School of Architecture College of Design

ARCH 3250: Public Interest Design: Community-Based Projects

Public Interest Design: Community-Based Projects

ARCH3250
Spring Semester 2014

Adjunct/Visiting Faculty‎
James Wheeler


Community Design is a movement focused on the creation and management of environments for people. This process promotes change to the built environment from the neighborhood to regional scale, and aims to meet community needs through participatory decision-making at all levels. Community Design helps to establish active partnerships with community residents and institutions and to advocate and develop strategies for strengthening neighborhoods through design.

 

These workshops will provide opportunities to engage in design projects with active partners that are addressing needs in their neighborhood and communities with an emphasis on partners in North Minneapolis, the Central Corridor, and the University District. We will partner on projects that will range in scale and scope as well as vary in the stage in which the project will be developed. Students will be introduced to the partners and projects and then work in groups of two to three to develop a scope of work and deliverable schedule with the client group to address the needs of the project during the course of the eight-week course and in some cases helping to plan for implementation beyond the end of term and into subsequent workshops.

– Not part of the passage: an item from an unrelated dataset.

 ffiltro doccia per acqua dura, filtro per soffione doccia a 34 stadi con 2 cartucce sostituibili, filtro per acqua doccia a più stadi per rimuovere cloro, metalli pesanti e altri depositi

Community Design is an incredibly fluid process that can be very intense and requires a good deal of effort, patience, and commitment. We have the opportunity to engage in partnership with a number of amazing organizations and institutions to make these design projects happen. We have the responsibility as designers to make sure that we are clear about our intentions, abilities, and assets we are bringing to the project and looking to our partners to help strengthen the aspects of the project that we are unable to provide through the development of partnerships through collaboration.



PUBLIC INTEREST DESIGN: COMMUNITY-BASED PROJECTS 1

SPRING SEMESTER: FIRST HALF (2 CREDITS)

MONDAYS/FRIDAYS 9-12

This first half workshop will act as an introduction to community and civic engagement through design. We will be partnering with six to eight non-profits, community organizations, cross-disciplinary University projects, and city initiatives to analyze and respond to community-based issues at various stages in the projects. Each project team of three will establish a work plan to coincide with the project brief drafted by the partner and execute a variety of projects that will range from streetscape analysis and mapping exercises to prospective budgets for small-scale tactical urbanism and community-based agriculture.

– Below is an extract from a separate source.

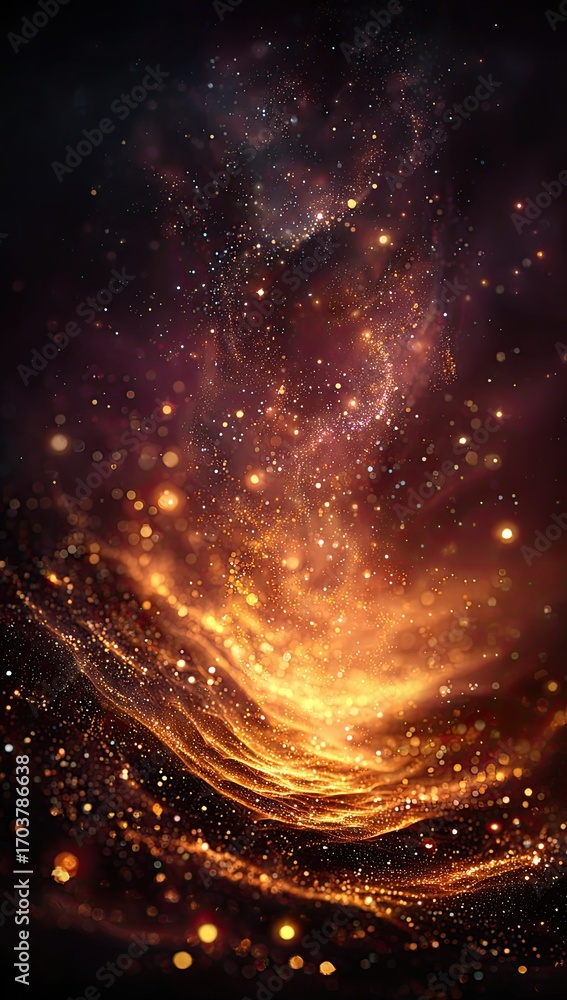 Naklejka premium Cosmic fiery nebula swirls in deep space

PUBLIC INTEREST DESIGN: COMMUNITY-BASED PROJECTS 2

SPRING SEMESTER: SECOND HALF (2 CREDITS)

MONDAYS/WEDNESDAYS/FRIDAYS 9-12

The second half workshop will focus on development of projects from the first half workshop on a finer scale. Each project team of three will re-position themselves within projects or continue with project partners to bring depth to schematics and analysis preparing budgets, beginning to detail simple structures and urban installations and learn more about processes of implementation and feedback from the communities that project partners serve.

PUBLIC INTEREST DESIGN: COMMUNITY-BASED DESIGN+BUILD [TENATIVE]

MAY TERM (3 CREDITS)

MONDAY-FRIDAY 9-12

This workshop examines simple building techniques in collaboration with building and funding partners to design and build structures for growing and learning with a focus on facilitating urban agriculture projects in the Twin Cities. Former partners have included the Hawthorne Neighborhood Council, Kwanzaa Community Center, the City of Minneapolis, Urban Homeworks, HandsOn Twin Cities, and Accenture.

PUBLIC INTEREST DESIGN: COMMUNITY-BASED PROJECTS – STITCH [TENATIVE]

SUMMER TERM (3 CREDITS)

MONDAYS/FRIDAYS 9-12

This will explore the impact of tactical urbanism and pop-up architecture. What can their role be in supporting community growth and to help bridging gaps between Minneapolis and St. Paul? How can the relationship between with the built and natural environment be better understood and more visible?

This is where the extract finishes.